DATASET SECTION ▸
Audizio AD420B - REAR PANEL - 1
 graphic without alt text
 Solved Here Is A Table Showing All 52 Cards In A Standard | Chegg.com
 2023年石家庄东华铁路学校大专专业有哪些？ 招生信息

TRY IT ▸
Everything from the line containing "Solved Here Is" to the last line of the data above must be set down exactly, both ends included, with no other lines.

REPLY TO THE EXERCISE ▸
 Solved Here Is A Table Showing All 52 Cards In A Standard | Chegg.com
 2023年石家庄东华铁路学校大专专业有哪些？ 招生信息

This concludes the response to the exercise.